— Exercise instructions —
In how many lines of the records does "Ford" appear? Answer with one number.

Crawled caption data
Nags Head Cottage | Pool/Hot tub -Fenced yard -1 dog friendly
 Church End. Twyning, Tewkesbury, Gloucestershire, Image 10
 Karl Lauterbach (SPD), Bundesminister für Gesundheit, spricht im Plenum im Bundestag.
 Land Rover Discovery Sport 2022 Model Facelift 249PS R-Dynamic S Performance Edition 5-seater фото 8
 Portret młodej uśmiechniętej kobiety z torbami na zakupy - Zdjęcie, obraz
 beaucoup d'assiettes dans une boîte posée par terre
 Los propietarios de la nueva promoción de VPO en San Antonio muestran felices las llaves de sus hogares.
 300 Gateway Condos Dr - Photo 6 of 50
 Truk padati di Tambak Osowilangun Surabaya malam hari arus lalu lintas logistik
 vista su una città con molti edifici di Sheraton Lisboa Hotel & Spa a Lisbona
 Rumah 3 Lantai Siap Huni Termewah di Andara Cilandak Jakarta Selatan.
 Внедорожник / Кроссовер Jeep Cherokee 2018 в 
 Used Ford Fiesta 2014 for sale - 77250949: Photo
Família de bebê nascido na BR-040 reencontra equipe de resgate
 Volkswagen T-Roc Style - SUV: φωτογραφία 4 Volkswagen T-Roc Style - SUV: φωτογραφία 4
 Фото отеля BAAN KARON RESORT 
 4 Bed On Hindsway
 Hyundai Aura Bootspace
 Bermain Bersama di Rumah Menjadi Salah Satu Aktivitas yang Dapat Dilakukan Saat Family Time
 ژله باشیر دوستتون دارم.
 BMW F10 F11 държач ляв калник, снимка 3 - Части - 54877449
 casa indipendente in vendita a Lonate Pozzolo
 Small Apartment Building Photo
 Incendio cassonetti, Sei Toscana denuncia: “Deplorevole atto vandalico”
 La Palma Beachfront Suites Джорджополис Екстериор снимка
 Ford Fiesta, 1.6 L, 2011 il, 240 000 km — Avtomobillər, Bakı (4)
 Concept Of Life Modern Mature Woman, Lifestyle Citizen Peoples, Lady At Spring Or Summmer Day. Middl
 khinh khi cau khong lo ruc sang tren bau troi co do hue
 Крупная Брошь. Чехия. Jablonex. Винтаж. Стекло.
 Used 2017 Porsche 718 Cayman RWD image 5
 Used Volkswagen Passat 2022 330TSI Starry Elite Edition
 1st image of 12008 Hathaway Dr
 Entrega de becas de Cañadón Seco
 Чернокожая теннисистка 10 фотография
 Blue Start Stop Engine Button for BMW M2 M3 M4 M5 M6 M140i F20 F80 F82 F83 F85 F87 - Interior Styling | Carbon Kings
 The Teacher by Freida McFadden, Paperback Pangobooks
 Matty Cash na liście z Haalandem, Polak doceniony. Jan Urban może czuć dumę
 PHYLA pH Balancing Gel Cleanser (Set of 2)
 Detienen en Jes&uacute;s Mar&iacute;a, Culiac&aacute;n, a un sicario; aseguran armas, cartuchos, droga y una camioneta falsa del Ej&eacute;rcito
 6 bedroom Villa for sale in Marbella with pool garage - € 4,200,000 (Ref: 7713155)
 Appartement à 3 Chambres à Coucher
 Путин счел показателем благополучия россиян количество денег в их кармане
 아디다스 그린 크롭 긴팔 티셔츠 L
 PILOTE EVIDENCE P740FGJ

— Solution below —
2